De kantonrechter overweegt dat voldoende aannemelijk is gemaakt dat sprake is van gewijzigde omstandigheden op het werk die O-I als goed werkgever aanleiding kunnen geven tot het doen van een wijzigingsvoorstel. Dat [eiser] in 2024 voor liefst 66 dagen moet worden gefaciliteerd vanwege zelfgekozen neventaken, maakt, gelet ook op de in het geding gebrachte stukken, alleen al aannemelijk dat het inroosteren van [eiser] in de volcontinudienst aanzienlijk wordt bemoeilijkt. Daarbij komt, zoals door O-I tijdens de mondelinge behandeling is uitgelegd, dat zij op een andere manier wil gaan werken, dat dat door de wijziging van het rooster wordt getest en dat er eerder niet genoeg mensen in het team waren om een nieuw toersysteem te creëren.
4.6.3.
Ook acht de kantonrechter het voldoende aannemelijk dat, gelet op alle omstandigheden van het geval, sprake is van een redelijk voorstel waarvan aanvaarding van de werknemer in redelijkheid te vergen valt. Belangrijk daarbij is dat de wijziging, zoals door O-I gegarandeerd, geen financiële gevolgen heeft voor [eiser] en dat O-I onweersproken heeft gesteld dat indien de wijziging wordt teruggedraaid, dit aanzienlijke gevolgen heeft voor de planning tot en met maart 2025 van bijna alle medewerkers van het EMECO Team. Ook betrekt de kantonrechter bij dat oordeel dat O-I onweersproken heeft gesteld dat het (vrijwel) nooit voorkomt dat de leidinggevende de eerste reserve belt om mede te delen dat hij moet gaan werken; de toermedewerkers regelen dat namelijk altijd onderling.

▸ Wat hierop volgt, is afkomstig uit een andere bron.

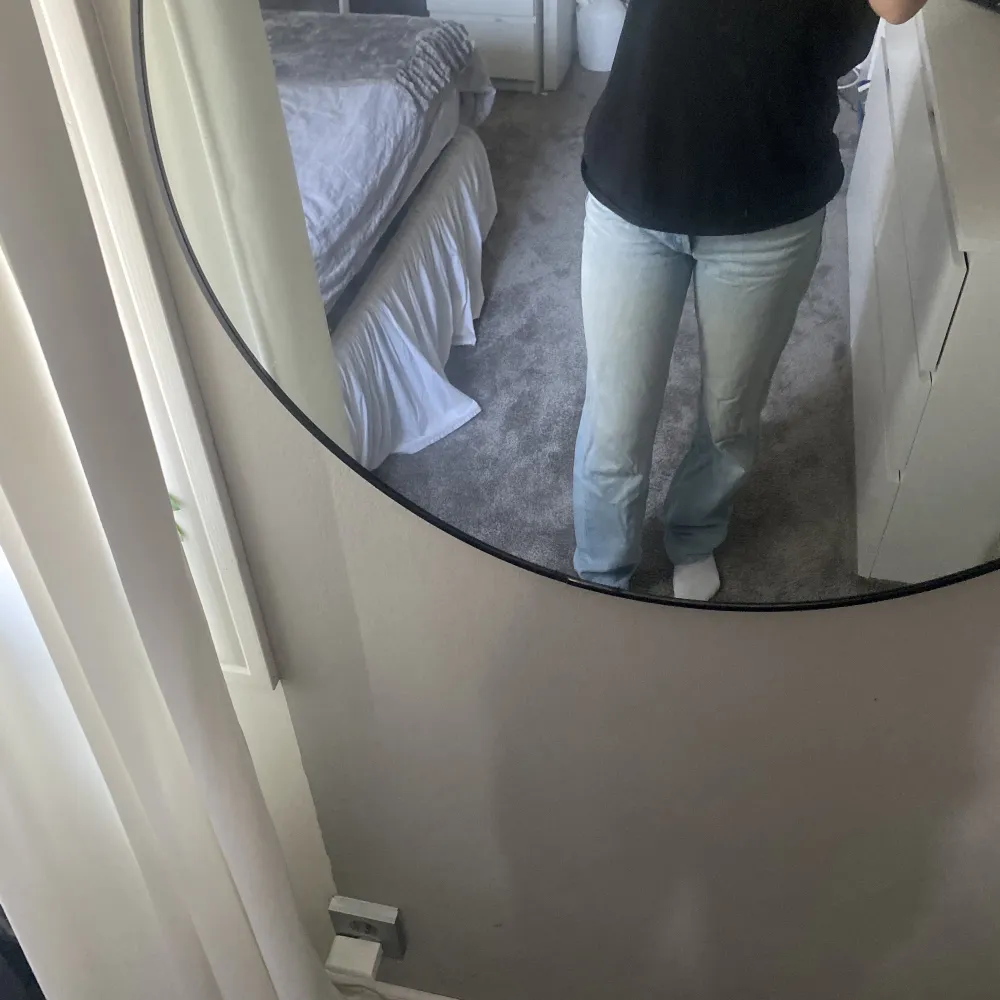 Ljusblåa jeans med midwaist från zara i storlek 26💓. Jeans & Byxor.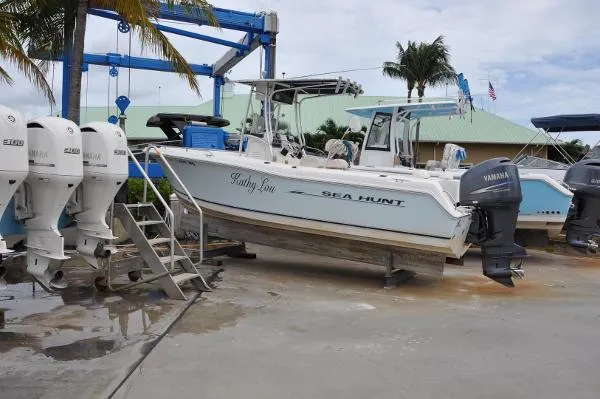 Slide: The Image of Sea Hunt Triton 232 2007 - 1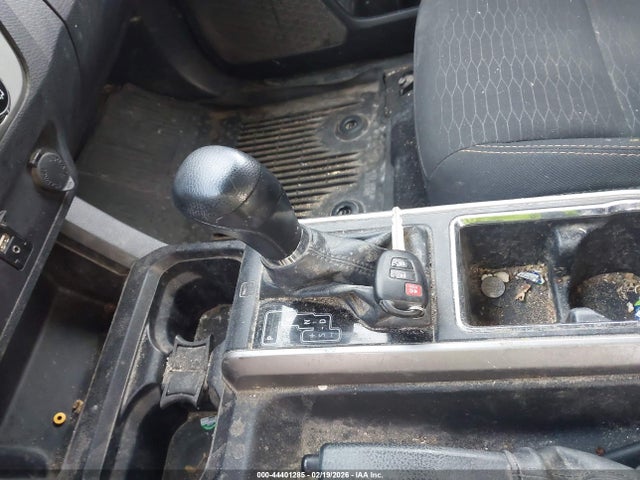 5TFAX5GN4JX110718 Toyota Tacoma Sr5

Dat het in theorie mogelijk is dat [eiser] door de leidinggevende onverwacht wordt gebeld om te komen werken en dat hij daardoor zijn OR-werkzaamheden niet zou kunnen uitvoeren, zoals hij heeft beklemtoond, maakt niet dat zijn belang zwaarder moet wegen dan het belang van O-I. Het belang van [eiser] , dat in essentie daarin bestaat - zo begrijpt de kantonrechter - dat hij in het nieuwe rooster vooraf niet weet waar hij aan toe is, moet in het licht van het zojuist gezegde niet alleen sterk gerelativeerd worden, maar legt gewoonweg onvoldoende gewicht in de schaal. De conclusie is dan ook dat het belang van O-I bij het doorvoeren van de wijziging zwaarder weegt dan het belang van [eiser] bij het terugdraaien daarvan. De kantonrechter acht het dan ook voldoende aannemelijk dat in een bodemprocedure zal worden geoordeeld dat O-I had kunnen overgaan tot de wijziging. De vordering van [eiser] zal daarom worden afgewezen.
4.7.
[eiser] wordt in het ongelijk gesteld en moet daarom de proceskosten (inclusief nakosten) betalen. De proceskosten van O-I worden begroot op:
- salaris gemachtigde
€
814,00
(vast tarief kort geding kanton gemiddeld)
- nakosten
€
135,00
(plus de kosten van betekening zoals vermeld in de beslissing)
Totaal
€
949,00
5. De beslissing
De kantonrechter
5.1.
wijst de vorderingen van [eiser] af,
5.2.
veroordeelt [eiser] in de proceskosten van € 949,00, te betalen binnen veertien dagen na aanschrijving daartoe, te vermeerderen met de kosten van betekening als [eiser] niet tijdig aan de veroordelingen voldoet en het vonnis daarna wordt betekend,
5.3.
verklaart de proceskostenveroordeling uitvoerbaar bij voorraad.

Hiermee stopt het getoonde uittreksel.